#### [Prompt]
Out of the material that follows, write out exactly the lines from the line with "Sedia Alt in" to the line with "Maison à louer, 46m², Arles", both ends included, and no others.

#### [Data for this task]
○ ○ ○
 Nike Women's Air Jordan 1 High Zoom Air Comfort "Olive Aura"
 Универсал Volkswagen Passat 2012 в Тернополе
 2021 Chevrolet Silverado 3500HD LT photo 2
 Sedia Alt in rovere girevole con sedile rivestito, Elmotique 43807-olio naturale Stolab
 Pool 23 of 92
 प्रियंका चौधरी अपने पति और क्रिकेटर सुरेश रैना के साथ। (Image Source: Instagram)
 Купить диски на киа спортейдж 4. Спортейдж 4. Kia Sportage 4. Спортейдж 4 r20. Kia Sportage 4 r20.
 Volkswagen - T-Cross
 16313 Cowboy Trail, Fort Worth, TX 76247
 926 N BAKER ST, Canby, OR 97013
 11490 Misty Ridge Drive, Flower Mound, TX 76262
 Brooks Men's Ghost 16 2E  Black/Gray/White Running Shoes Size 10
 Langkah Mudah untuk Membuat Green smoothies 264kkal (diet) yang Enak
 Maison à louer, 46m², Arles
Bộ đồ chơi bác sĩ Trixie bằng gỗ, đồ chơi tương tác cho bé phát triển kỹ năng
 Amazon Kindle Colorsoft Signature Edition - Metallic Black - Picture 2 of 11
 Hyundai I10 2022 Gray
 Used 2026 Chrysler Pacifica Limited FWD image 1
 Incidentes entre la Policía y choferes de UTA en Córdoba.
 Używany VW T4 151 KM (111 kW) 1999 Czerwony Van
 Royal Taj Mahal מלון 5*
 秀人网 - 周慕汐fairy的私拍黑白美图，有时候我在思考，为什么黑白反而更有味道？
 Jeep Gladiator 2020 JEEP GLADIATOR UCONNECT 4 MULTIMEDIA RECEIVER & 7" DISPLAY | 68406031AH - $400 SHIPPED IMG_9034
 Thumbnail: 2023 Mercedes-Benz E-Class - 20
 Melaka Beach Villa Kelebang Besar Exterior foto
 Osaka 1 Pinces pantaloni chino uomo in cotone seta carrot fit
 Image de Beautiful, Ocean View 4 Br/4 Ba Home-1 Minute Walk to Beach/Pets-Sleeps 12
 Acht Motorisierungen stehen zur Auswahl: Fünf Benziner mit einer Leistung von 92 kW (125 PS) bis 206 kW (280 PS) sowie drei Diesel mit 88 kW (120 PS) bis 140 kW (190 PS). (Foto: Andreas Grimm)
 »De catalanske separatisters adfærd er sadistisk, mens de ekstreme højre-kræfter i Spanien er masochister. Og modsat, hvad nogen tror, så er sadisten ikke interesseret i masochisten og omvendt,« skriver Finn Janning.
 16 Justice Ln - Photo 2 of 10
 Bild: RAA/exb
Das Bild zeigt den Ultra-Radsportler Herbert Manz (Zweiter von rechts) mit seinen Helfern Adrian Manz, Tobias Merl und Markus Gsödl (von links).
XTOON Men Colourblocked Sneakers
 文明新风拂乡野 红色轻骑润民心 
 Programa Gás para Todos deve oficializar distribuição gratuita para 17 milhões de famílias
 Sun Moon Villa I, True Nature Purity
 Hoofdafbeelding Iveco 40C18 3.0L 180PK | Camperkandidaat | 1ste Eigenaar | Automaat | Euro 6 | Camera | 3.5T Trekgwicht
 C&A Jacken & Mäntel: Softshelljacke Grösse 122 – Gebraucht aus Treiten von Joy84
○ ○ ○
#### [Task response]
 Sedia Alt in rovere girevole con sedile rivestito, Elmotique 43807-olio naturale Stolab
 Pool 23 of 92
 प्रियंका चौधरी अपने पति और क्रिकेटर सुरेश रैना के साथ। (Image Source: Instagram)
 Купить диски на киа спортейдж 4. Спортейдж 4. Kia Sportage 4. Спортейдж 4 r20. Kia Sportage 4 r20.
 Volkswagen - T-Cross
 16313 Cowboy Trail, Fort Worth, TX 76247
 926 N BAKER ST, Canby, OR 97013
 11490 Misty Ridge Drive, Flower Mound, TX 76262
 Brooks Men's Ghost 16 2E  Black/Gray/White Running Shoes Size 10
 Langkah Mudah untuk Membuat Green smoothies 264kkal (diet) yang Enak
 Maison à louer, 46m², Arles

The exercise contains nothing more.